A fun, schlocky movie undercut by its leading man’s wooden and constipated performance.

Plot: Ator (Miles O’Keefe) embarks on an adventure to save his bride-to-be (Ritza Brown) from the clutches of the insidious High Priest of the Spider (Dakar).

Review: How exactly do I review this movie? I have no background with the Ator series, never heard about it until recently. It’s not as if I had fond childhood memories of it. So, how exactly do I review it?

Well, I can tell you that Ator is a big, kind of dumb, fun movie. It’s not a movie that’s going to win Oscars. If you’re the sort of person who needs the words “award-winning” in front of the fare you take a chance on, then move along. This film was featured in Season 12 of Mystery Science Theatre – so you know what it’s like.

There are strange things in the movie. A son asks his father if he can marry his sister. No, that happens. Really. A main villain who spends the entire film having tarantulas crawl all over him. No, really. A woman who doesn’t want you to remove the drape over her mirror – and with good reason. There’s just enough to keep you entertained and stop you from wondering what the hell is happening. Like how a magic mirror made the villain explode. Not die, not melt – explode.

The visuals are interesting. The movie starts with some pretty pictures of mountains – albeit with a long narration, which I generally can’t stand. The costumes are realistic, the sets are done well, and yes, I even like the big spider at the end that they won’t show you properly because it’s probably unfinished. There are also a couple of neat twists, which I won’t tell you. Oh, and the magic mirror is rad. And lots of spiders. Did I mention the villain explodes?

The one main drawback of the movie is Miles O’Keefe. He constantly looks like he’s trying to remember his lines. Seriously, I kept staring at his face to see if his eyes went up to the left or right when he spoke. I can’t help it; The Negotiator scarred me for life. When not trying to remember his lines, he looks constipated. Like seriously, give the man an Ex-Lax. The act of trying to act looks physically painful for him.

The rest of the cast is no hell, though better than the hero.

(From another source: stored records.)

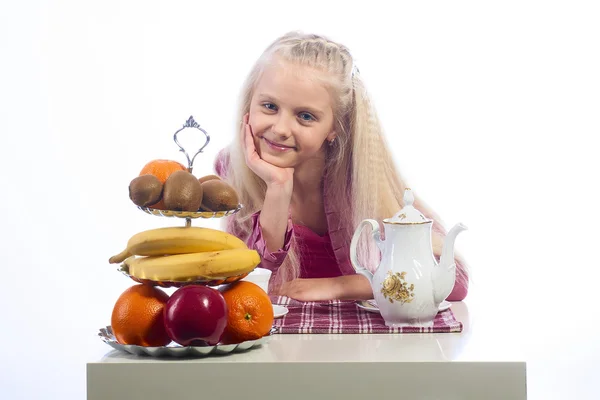 Little girl sitting at the table — Stock Photo, Image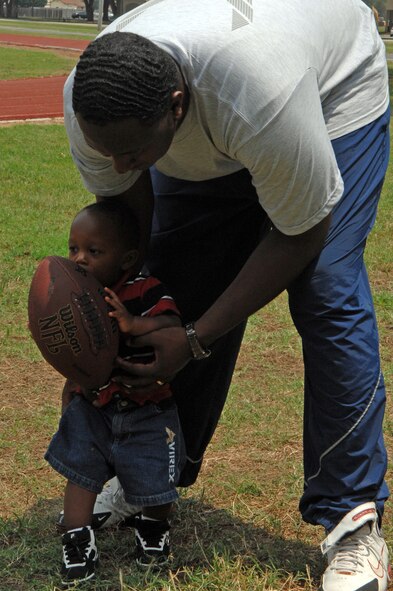 BARKSDALE AIR FORCE BASE, La. - Airman 1st Class JaMichael Jackson plays football with his son JaMichael Jackson Jr. during a wing sports day held at the fitness center here on May 22. (U.S. Air Force photo by Airman 1st Class Joanna M. Kresge) 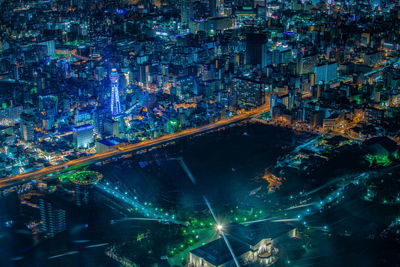 High angle view of illuminated buildings in city at night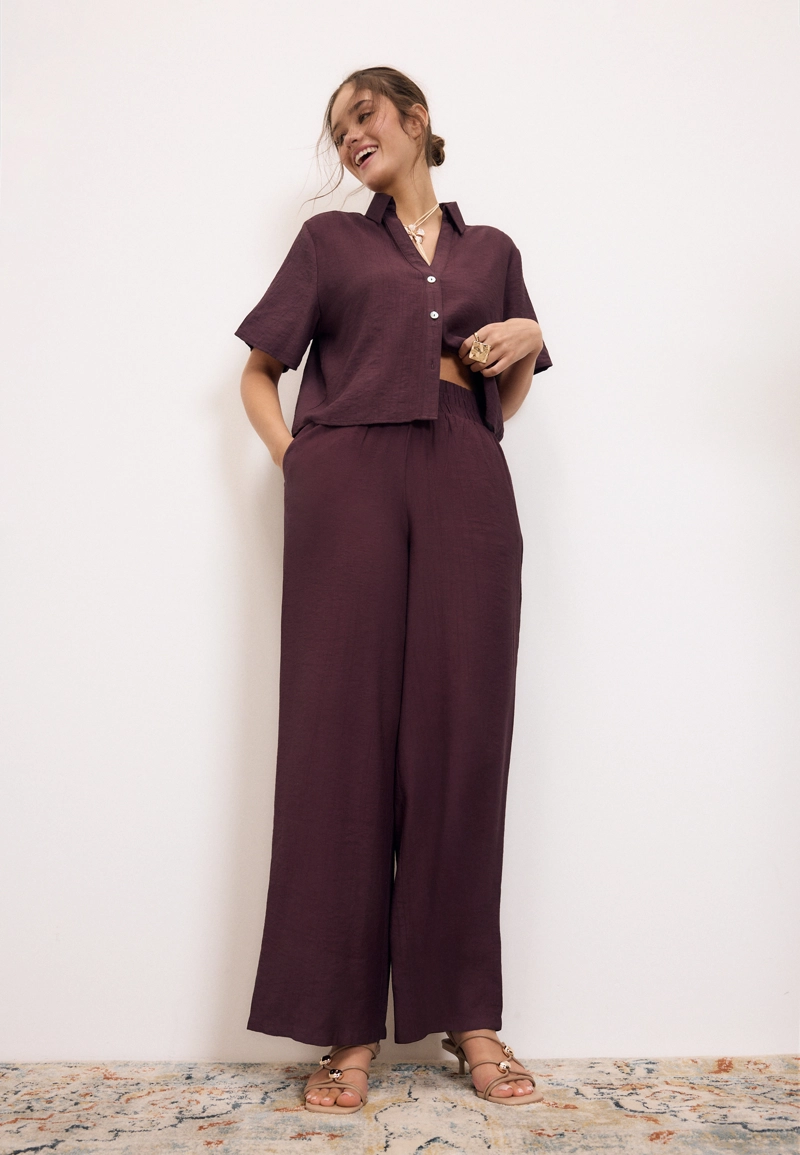 Брюки палаццо с широким поясом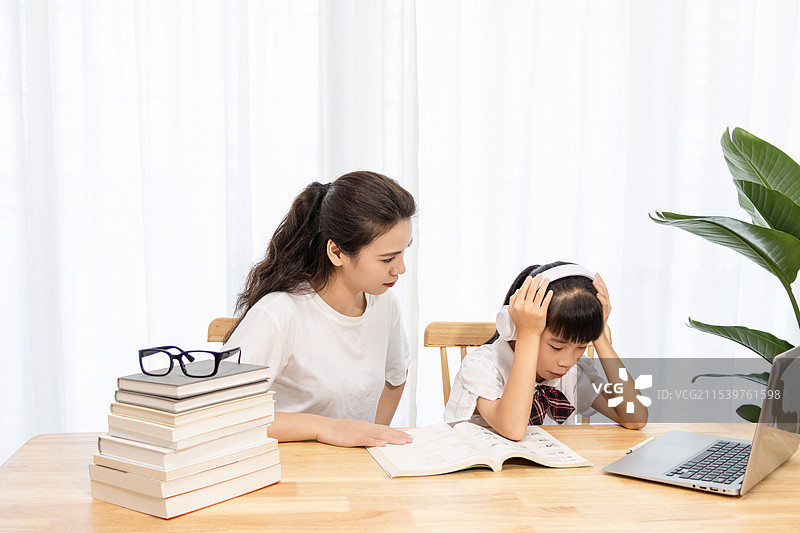 一名妈妈陪伴孩子上网课很疲惫图片素材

The Spider King does little other than let tarantulas crawl over him. Though you could argue that’s more than enough. The main girl isn’t even the main girl – you think it’s Ator’s bride-to-be, but she’s hardly in it. Nope, it’s this girl, Roon, played by Sabrina Siani. She’s not half-bad, and her character even gets an arc – which I didn’t expect. Mind you, she wasn’t exactly acting against Olivier and Brando, but at least she tried.

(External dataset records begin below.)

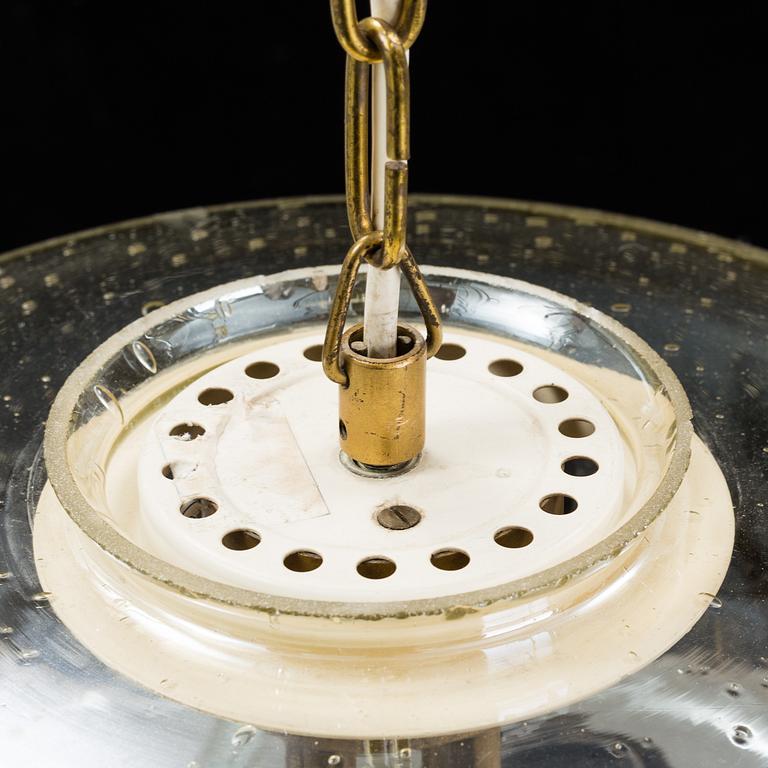 A 1960/70s glass and brass ceiling lamp.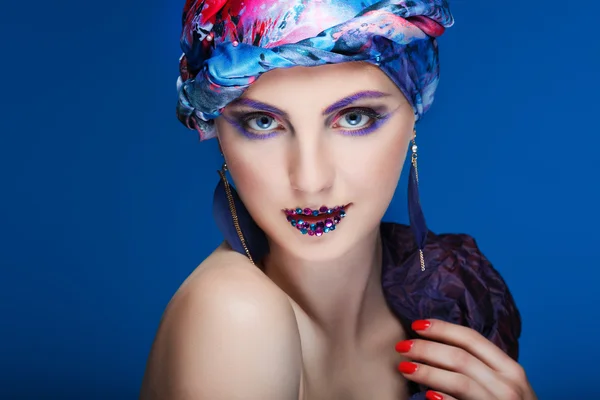 Uma foto de menina bonita em um vestido de cabeça do tecido colorido, em um fundo azul, glamour — Fotografia de Stock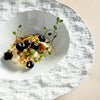white unique soup plate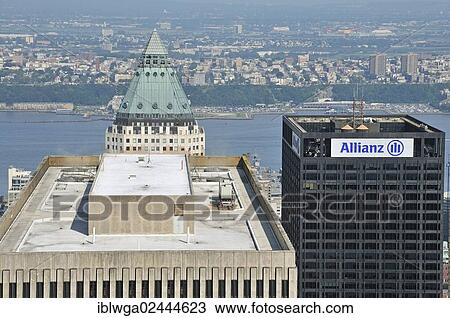 Stock Image - "Panoramic view from the Top of the Rock observation deck at the Rockefeller Center of the Exxon Building, One Worldwide Plaza and the Hudson River at back, Manhattan, New York City, USA, North America". Fotosearch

The soundtrack was alright – it’s a mix of adventuring music, and while it doesn’t really stand out from other types of these sorts of tunes, it fits the action. The movie has one drawn-out sequence (the one with the woman with the drape over her mirror) that desperately needed to be cut but otherwise was well-paced. Despite its flaws, it is entertaining and keeps you mildly engaged. While this doesn’t seem like high praise, considering some of the overly-long and pretentious dreck we’re subjected to in modern times, give me Ator all day long.

If you’re a fan of weird adventure movies with some entertainment value and a leading man whose face never shows anything but indigestion, this is the movie for you! While this sounds like a bit of a swipe (and to be honest, it kind of is), I’ve seen far less. At the very least, if you want to see the entire series of 4 Ator films, you gotta start with the first one – right?